(Stored entries)
▬▬▬▬▬▬▬▬▬▬

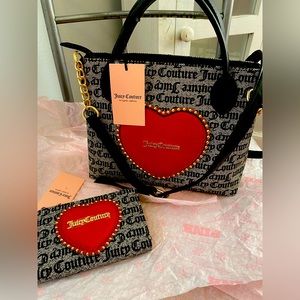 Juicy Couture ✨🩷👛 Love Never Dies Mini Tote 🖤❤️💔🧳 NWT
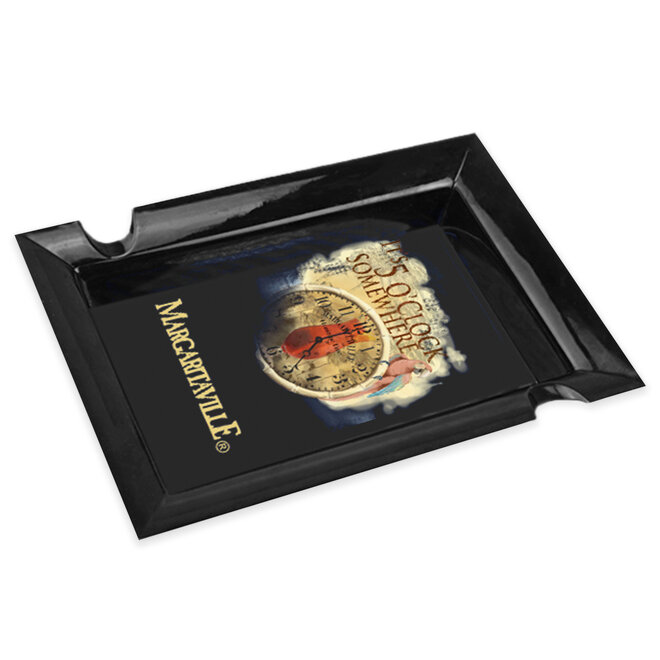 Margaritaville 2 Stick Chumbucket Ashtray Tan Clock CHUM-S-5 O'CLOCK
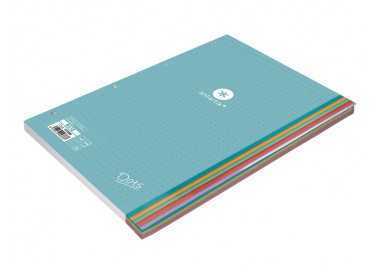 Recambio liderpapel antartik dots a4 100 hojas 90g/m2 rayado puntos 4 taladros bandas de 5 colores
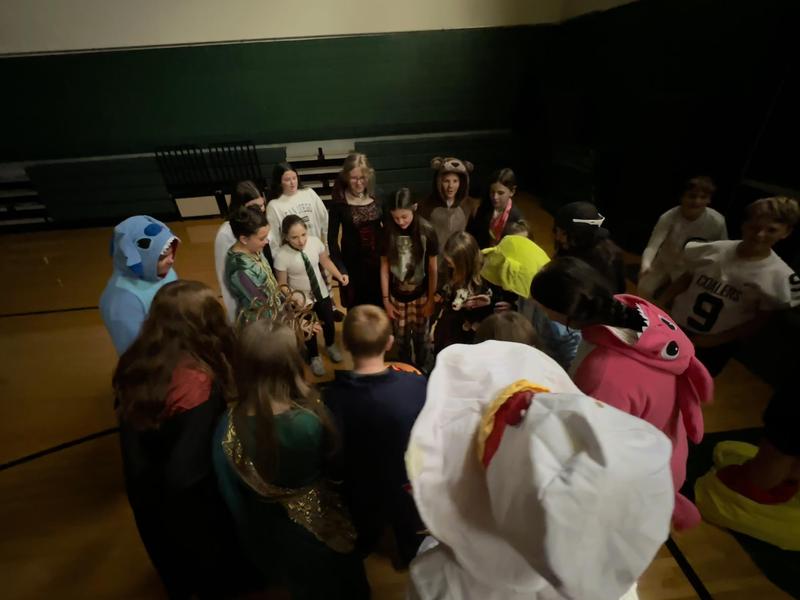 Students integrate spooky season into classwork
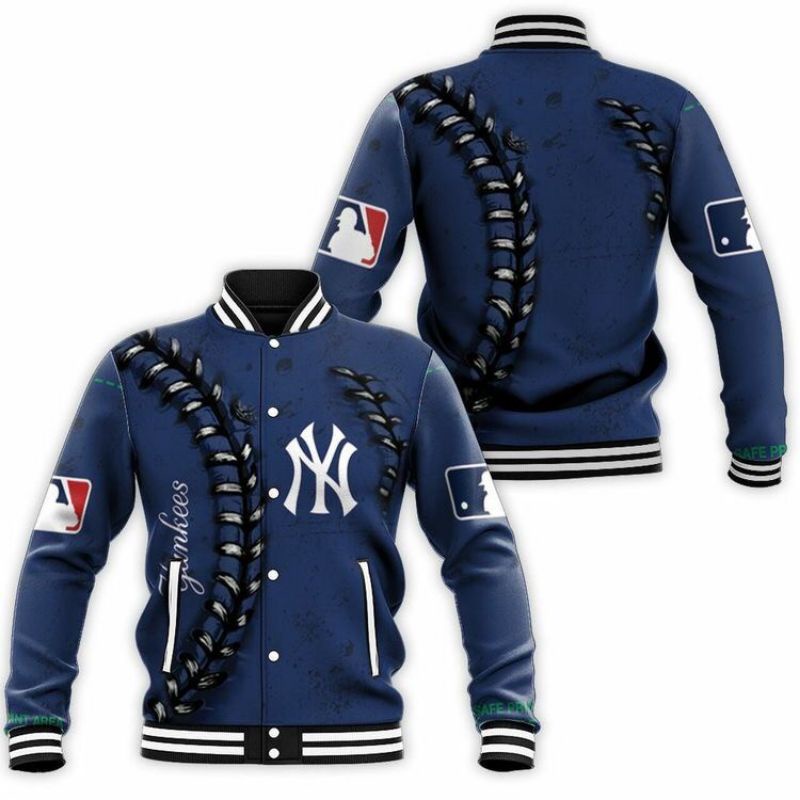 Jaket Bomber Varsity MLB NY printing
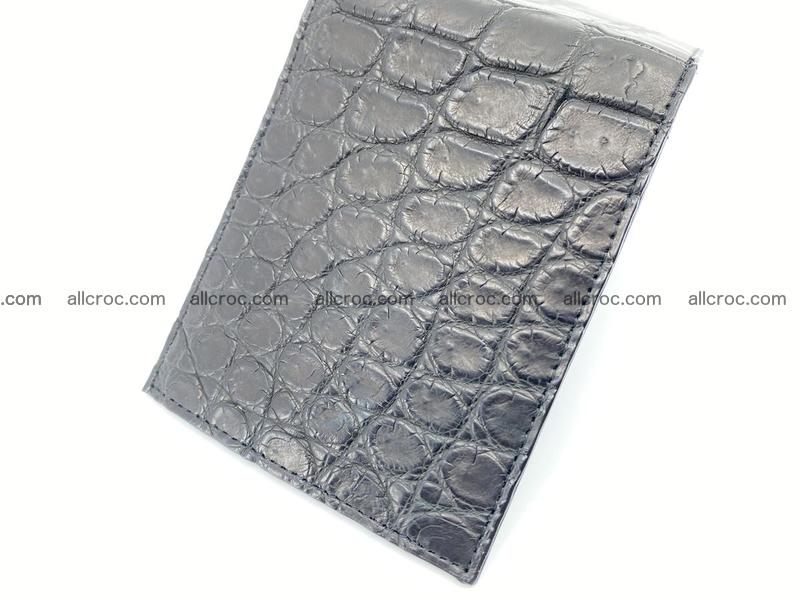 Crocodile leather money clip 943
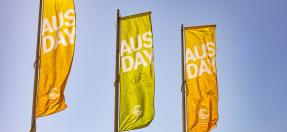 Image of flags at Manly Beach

▬▬▬▬▬▬▬▬▬▬

How to complete this task
Begin at the line containing "Margaritaville 2 Stick" and copy every line through the end of the data above exactly, omitting the pictures.

Output of the exercise
 Margaritaville 2 Stick Chumbucket Ashtray Tan Clock CHUM-S-5 O'CLOCK
 Recambio liderpapel antartik dots a4 100 hojas 90g/m2 rayado puntos 4 taladros bandas de 5 colores
 Students integrate spooky season into classwork
 Jaket Bomber Varsity MLB NY printing
 Crocodile leather money clip 943
 Image of flags at Manly Beach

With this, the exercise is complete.